The setting is also interesting in terms of the sex and gender possibilities it produces. This fantasy
frontier space cannot be unproblematically celebrated, not least because the characters are quite
upfront about the reason for their presence there, which is oppressing the inhabitants and stealing
their land. The film’s excruciating casual racism prevents it from being entirely enjoyable. But as a
space that is presented as being beyond “civilization”, it does suggest something interesting.
Perhaps coercive gendering is required by “civilisation” because coercive gendering is about
upholding civilization, but if you’re outside of civilization, you don’t need to follow the same rules. It
is certainly a space in which gender identities appear to be in flux.

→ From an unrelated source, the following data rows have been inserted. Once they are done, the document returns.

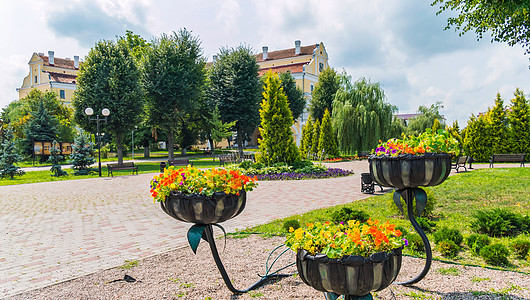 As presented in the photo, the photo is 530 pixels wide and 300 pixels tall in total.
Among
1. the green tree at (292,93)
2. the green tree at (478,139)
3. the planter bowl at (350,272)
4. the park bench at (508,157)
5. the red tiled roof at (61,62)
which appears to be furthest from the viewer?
the red tiled roof at (61,62)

The men of Deadwood cannot
recognise that performer Francis Fryer is a man in drag, and when Bill Hickcock says “she ain’t very
pretty”, it is only Calam, in a lovely “it takes one to know one moment”, who replies “that ain’t all
she ain’t!” (Savoy 1778). But once the men get over their anger at the deception committed by
Francis and the bar owner, they accept him readily enough as a effeminate (coded gay) man, just as
they accept Katie once she stops pretending to Adelaide Adams.

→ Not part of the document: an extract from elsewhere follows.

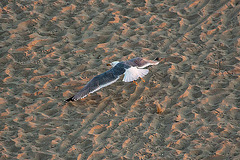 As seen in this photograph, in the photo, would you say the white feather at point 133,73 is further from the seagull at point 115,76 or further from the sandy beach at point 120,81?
the sandy beach at point 120,81

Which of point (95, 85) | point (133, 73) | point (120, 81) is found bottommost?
point (120, 81)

There is an element of historical truth here because Calamity Jane is based on a real figure, that of
Martha Jane Cannary, a frontierswoman and professional scout who at times in her life also worked
as a dishwasher, a cook, a waitress, a dance-hall girl, a nurse, an ox team driver and a prostitute.
She was a notorious “character” who was known for cross-dressing and passing as male. Whether
we now interpret the historical Calamity Jane as butch lesbian, genderqueer, or transgender, it
seems that the frontier allowed hir a more fluid gender and sexual identity than was possible for
many women who lived in more “civilized” places.
The possibilities represented by the historical Calamity may be softened in the film, but I think they
are so disruptive, they cannot be contained and persistently continues to haunt the narrative. It’s
interesting that as the now supposedly happily married couples ride away at the end, they are
singing Calamity’s song “The Deadwood Stage” recalling the queer thrill of the opening credits, and
suggesting that this thrill has not been entirely vanquished by marriage.
Further reading, Eric Savoy, ‘That ain’t all she ain’t’: Doris Day and Queer Performativity’, in Ellis
Hanson (ed), Out Takes: Essays on Queer Theory and Film (1999). I highly recommend this anthology
to anyone interested in queer theory and film.